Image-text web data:
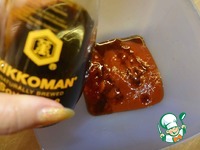 ������, ���������� � ������ �����������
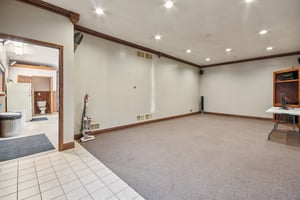 E Benton St-S1911-038.jpg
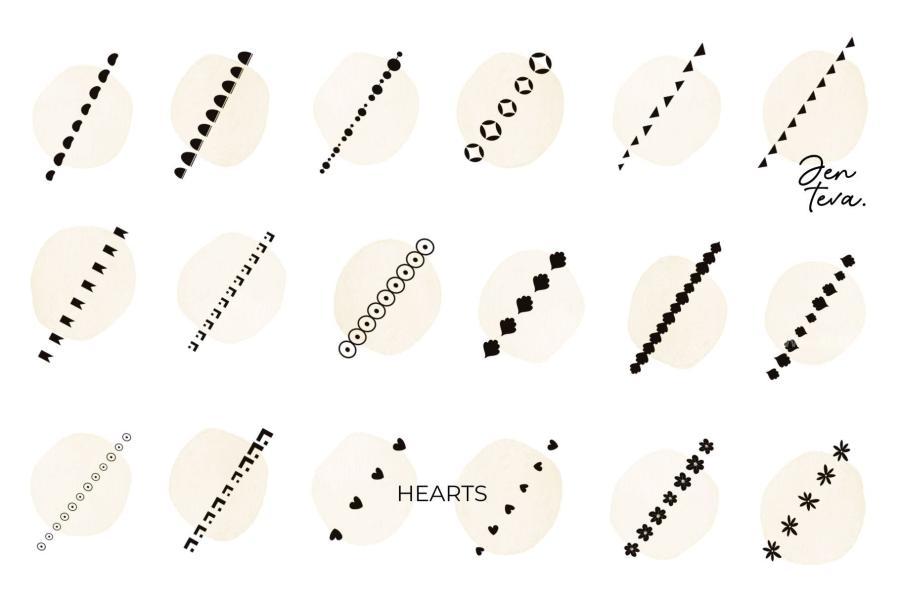 25xt-173506 Procreate-Pattern-Border-Brushesz6.jpg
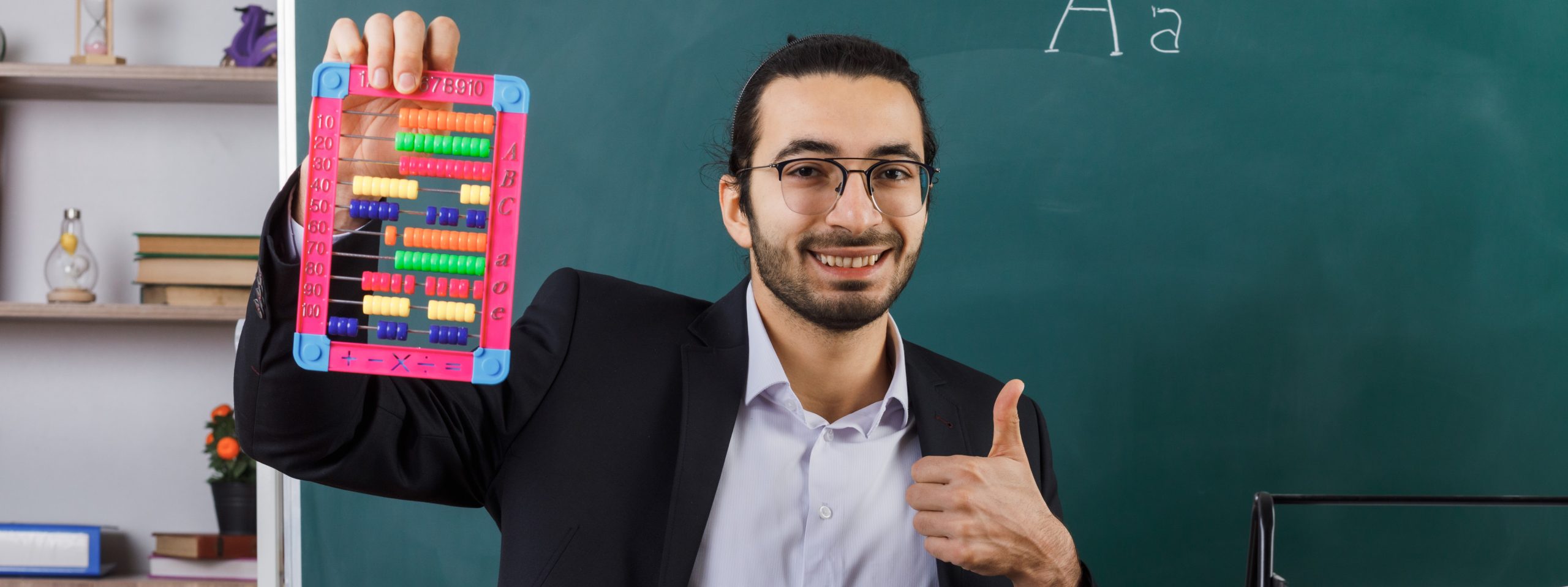 Profetato.com 4.	Herramientas y estrategias de enseñanza
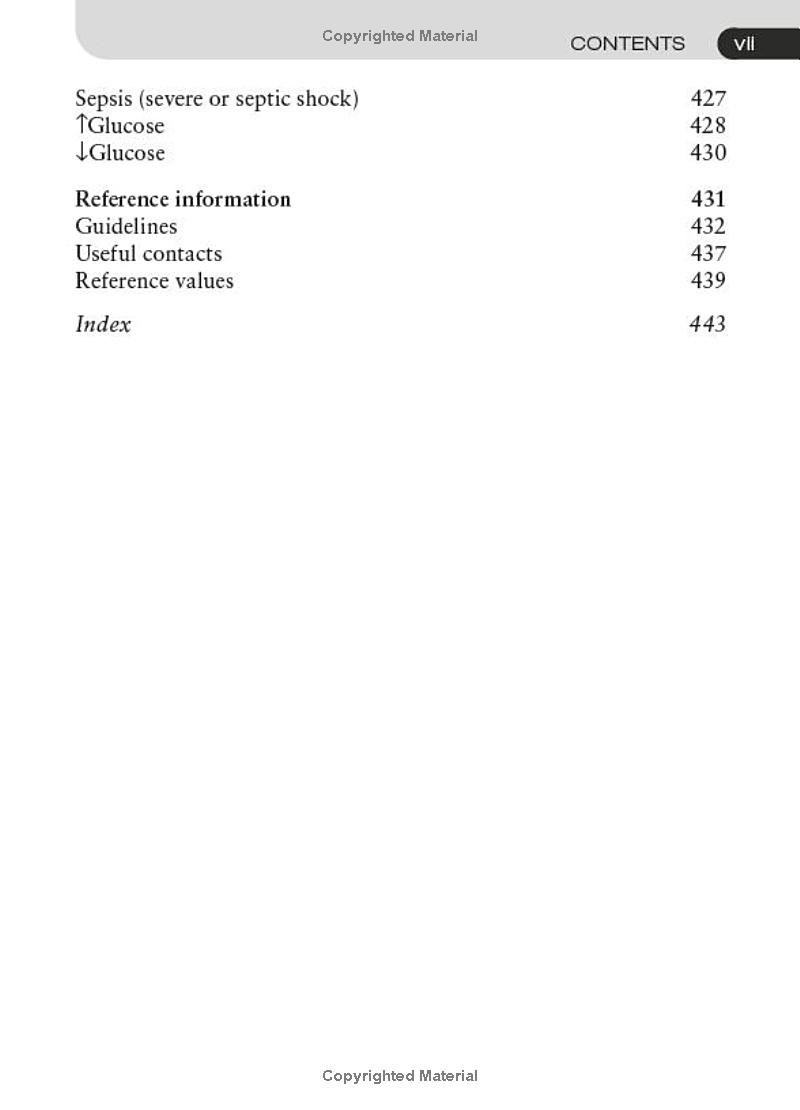 Pocket Prescriber Psychiatry 2nd edition 2024 - Image 2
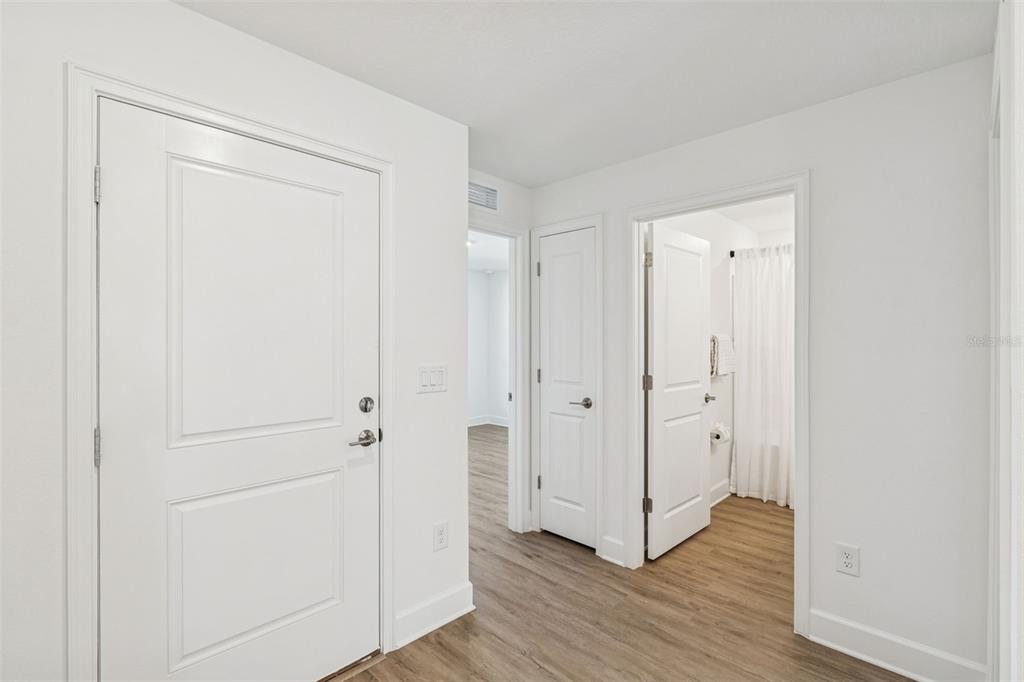 12474 Seybold Drive Spring Hill, FL 34608 - Photo 24 of 65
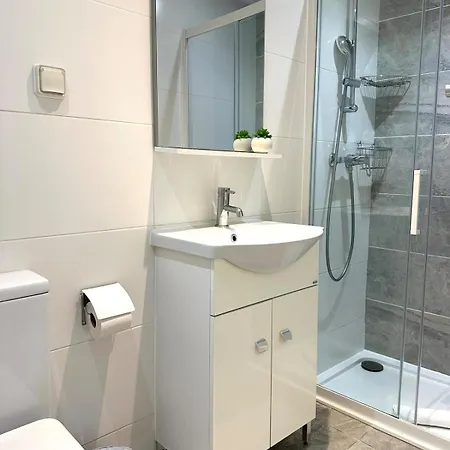 Harmonie Nature Au Coeur De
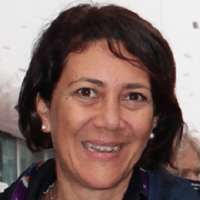 Paola Dugo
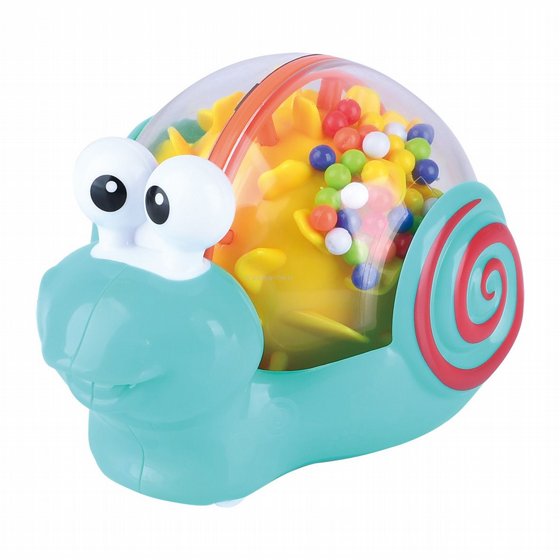 ������ ������� ������ PLAYGO
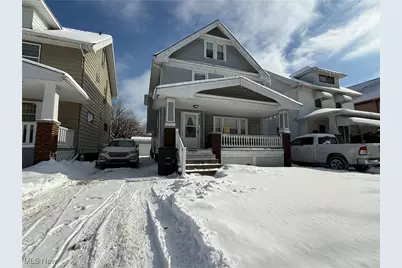 3433 W 125th Street, Loveland, OH 44111 - Photo 2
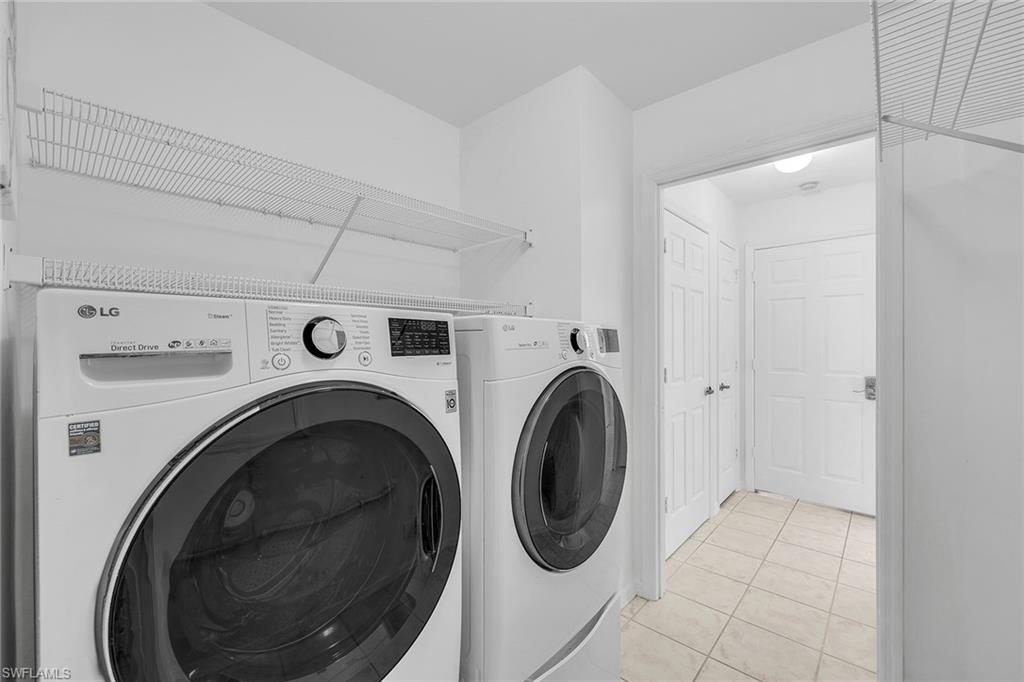 752 Wiggins Lake DR # 101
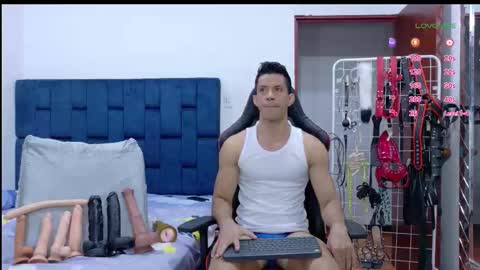 Snapshot of jose_rumbero91 chatting on February 2026 04:10:02 AM jose_rumbero91 online show from February 2026 04:10:02 AM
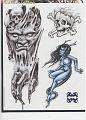 Demoni 080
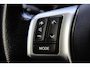 Toyota Verso-S 1.3 VVT-i 100pk Aspiration | 5 deuren | Airco | Navigatie | Achteruitrijcamera | Parkeersensoren | Centr. deurvegr. | Stuurbekrachtiging |
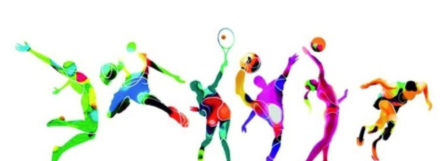 [386 · 6 семестр 2025/2026] Педагогічна практика- 1 (ПР)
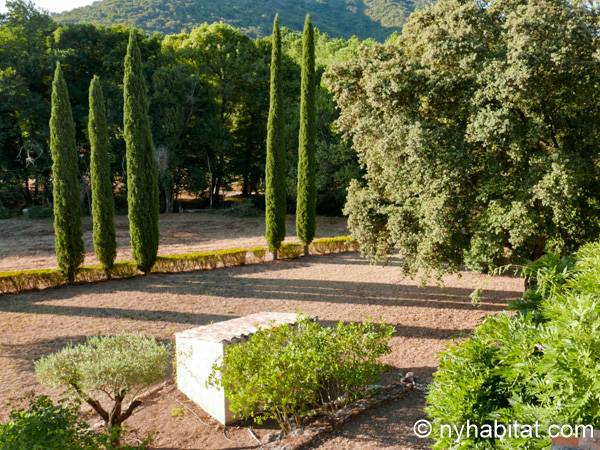 Other - Photo 10 of 17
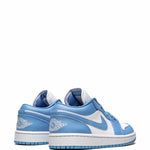 Jordan Air Jordan 1 Low
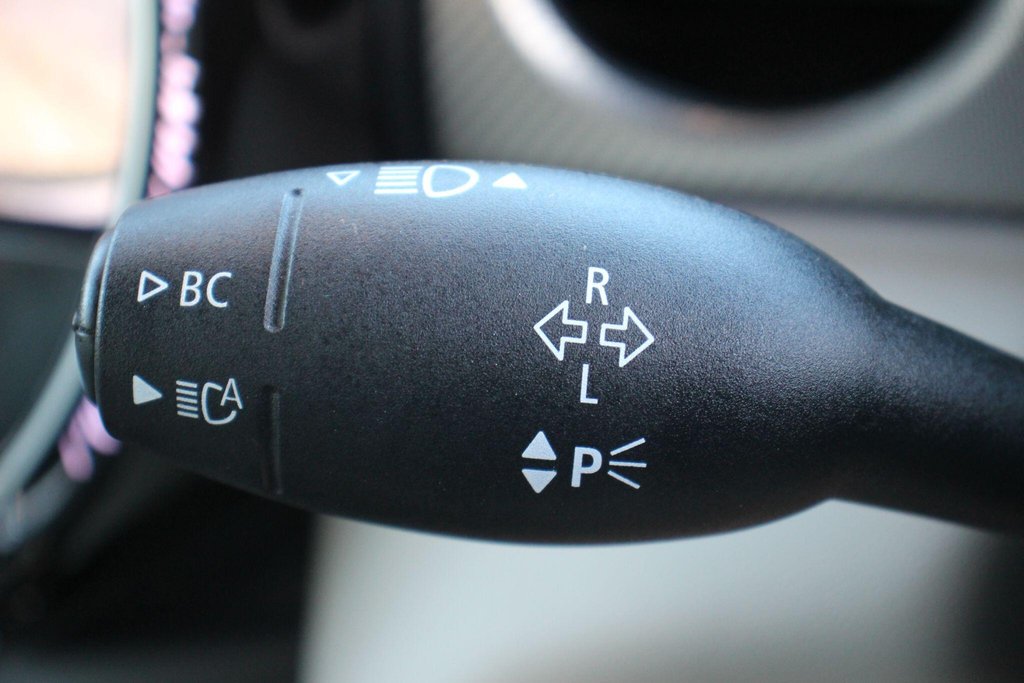 Used MINI Convertible 2023 for sale - 78161947: Photo 48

TASK DESCRIPTION
Of the lines above, quote exactly those from the one with "752 Wiggins Lake DR # 101" through the one with "Toyota Verso-S 1.3", ends included; pictures stay out.

RESPONSE TO THE TASK
 752 Wiggins Lake DR # 101
 Snapshot of jose_rumbero91 chatting on February 2026 04:10:02 AM jose_rumbero91 online show from February 2026 04:10:02 AM
 Demoni 080
 Toyota Verso-S 1.3 VVT-i 100pk Aspiration | 5 deuren | Airco | Navigatie | Achteruitrijcamera | Parkeersensoren | Centr. deurvegr. | Stuurbekrachtiging |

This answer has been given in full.